Information provided:
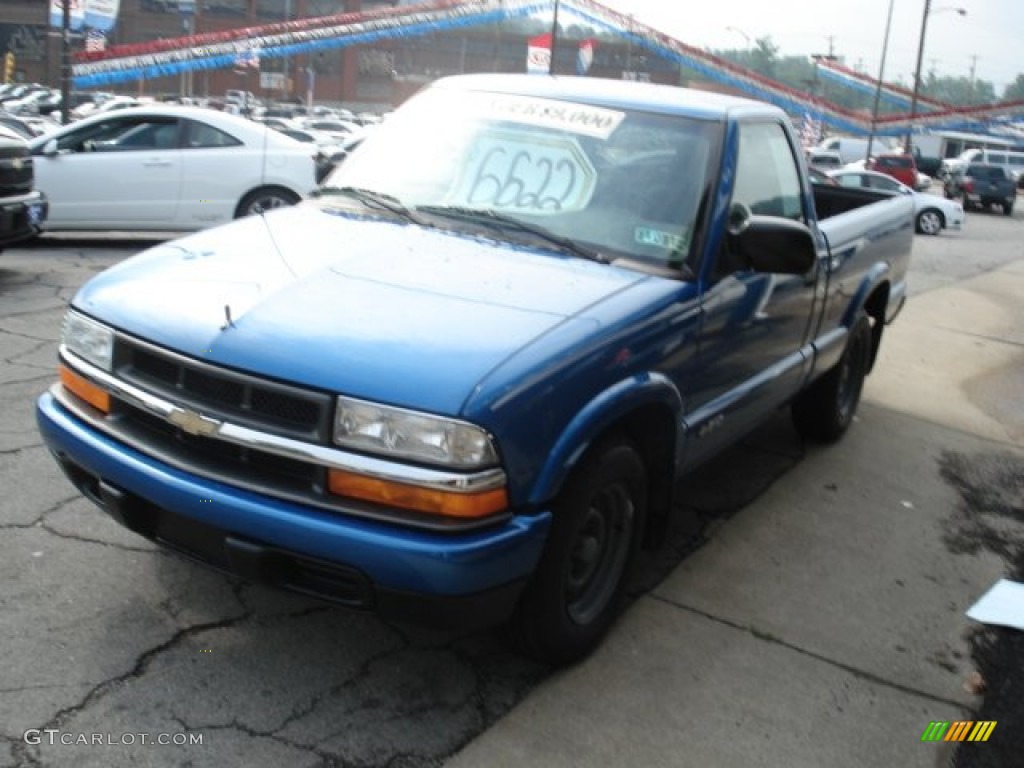 2002 S10 Regular Cab - Space Blue Metallic / Medium Gray photo #4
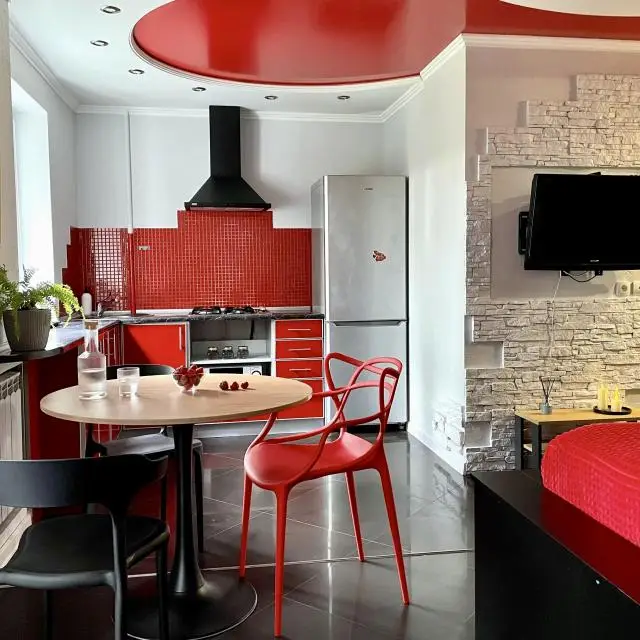 Real photos of Marie Apart on Chernyakhovsky street 34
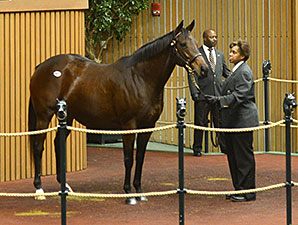 Secret Circle's Dam Tops Keeneland's Session Secret Circle's Dam Tops Keeneland's Session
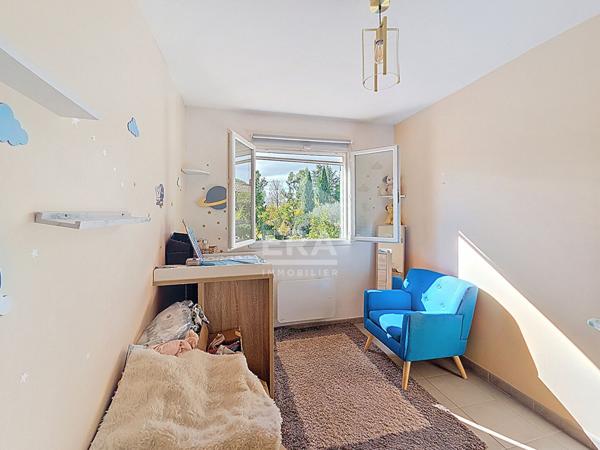 Maison Pierrevert 4 pièces 89 m2 Terrasse couverte, Jardin & Garage !!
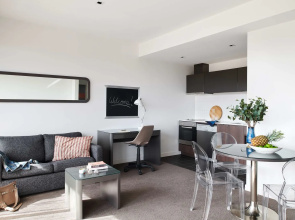 Dandenong Central Apartment Hotel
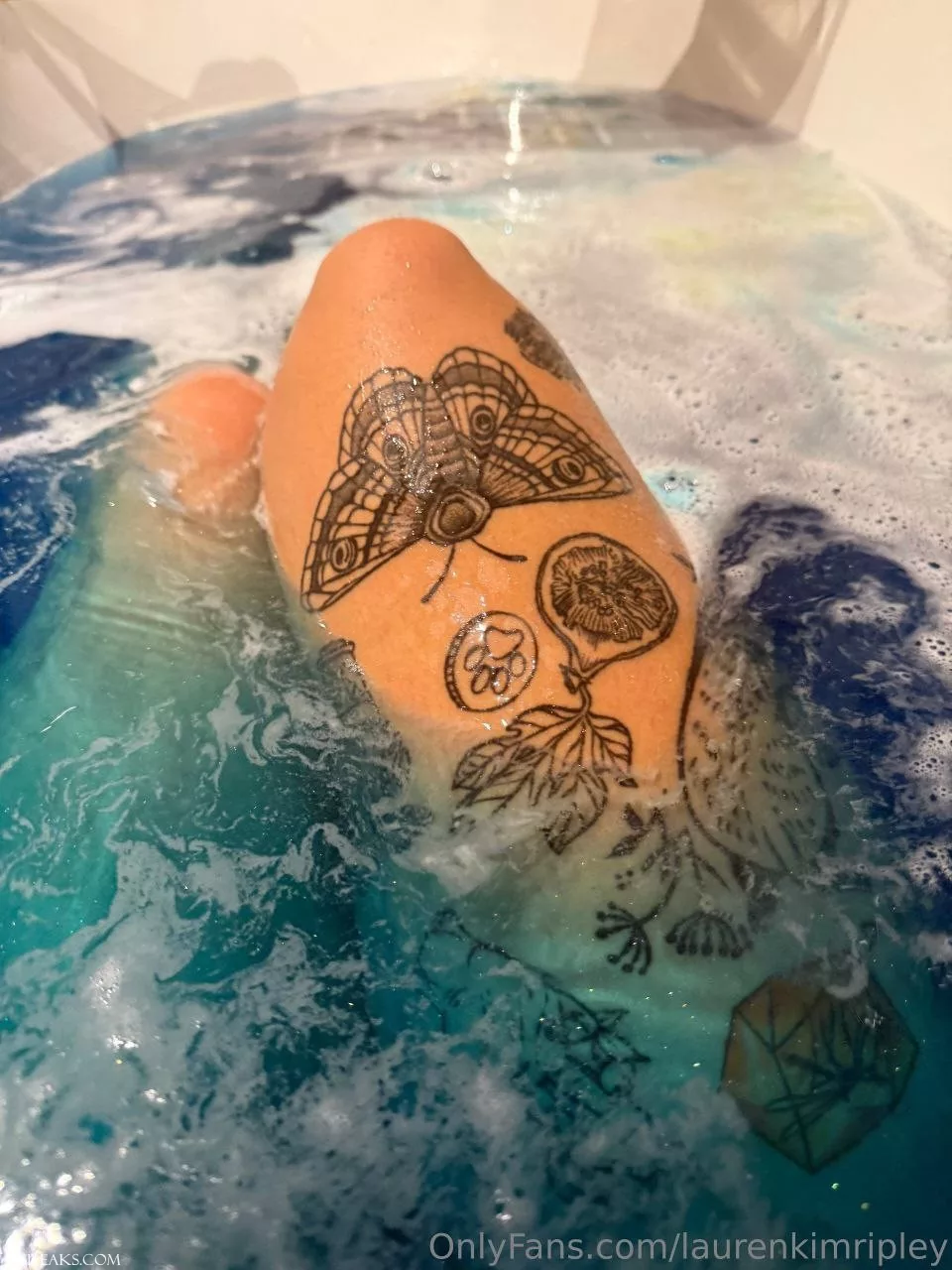 Lauren Kim Ripley OnlyFans Bathtub Nude Selfies - 6 Lauren Kim Ripley OnlyFans Bathtub Nude Selfies - 5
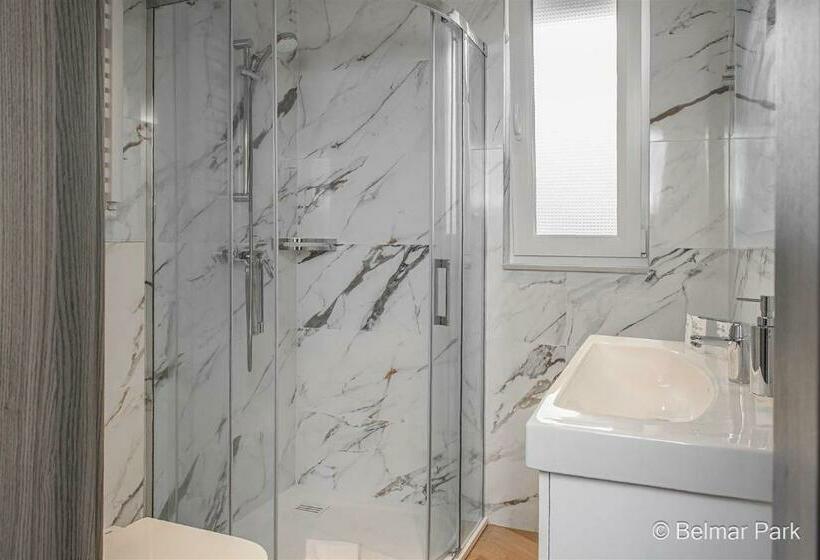 豪华三人间, Belmar Park Resort & Spa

Exercise requirements: Each entry must be set down word for word; no image may be carried over.

Answer box:
 2002 S10 Regular Cab - Space Blue Metallic / Medium Gray photo #4
 Real photos of Marie Apart on Chernyakhovsky street 34
 Secret Circle's Dam Tops Keeneland's Session Secret Circle's Dam Tops Keeneland's Session
 Maison Pierrevert 4 pièces 89 m2 Terrasse couverte, Jardin & Garage !!
 Dandenong Central Apartment Hotel
 Lauren Kim Ripley OnlyFans Bathtub Nude Selfies - 6 Lauren Kim Ripley OnlyFans Bathtub Nude Selfies - 5
 豪华三人间, Belmar Park Resort & Spa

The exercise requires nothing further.